*DATA BLOCK*
* * * * *

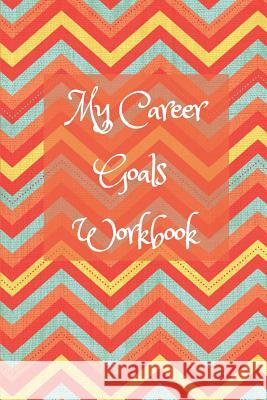 My Career Goals Workbook: Track Your Progress in Work, Training and Your Personal Life Wj Journals 9781790531004 Independently Published
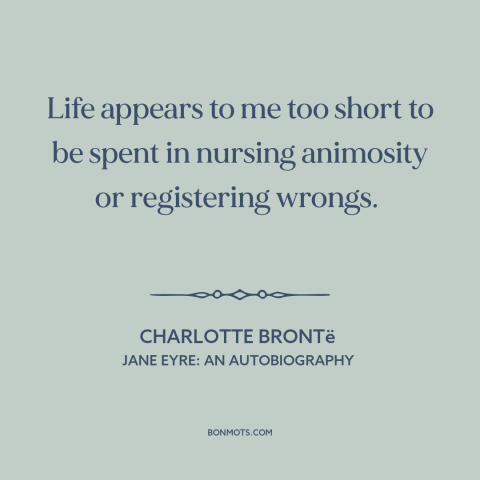 A quote by Charlotte Brontë about grudges: “Life appears to me too short to be spent in nursing animosity or registering…”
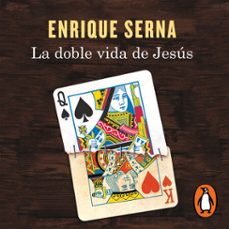 la doble vida de jesus (audiolibro)-enrique serna-9786073809146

* * * * *

The required output is an exact copy of the lines from the start of the material above through the line containing "A quote by Charlotte", inclusive, with no pictures in it.

*ANSWER BOX*
 My Career Goals Workbook: Track Your Progress in Work, Training and Your Personal Life Wj Journals 9781790531004 Independently Published
 A quote by Charlotte Brontë about grudges: “Life appears to me too short to be spent in nursing animosity or registering…”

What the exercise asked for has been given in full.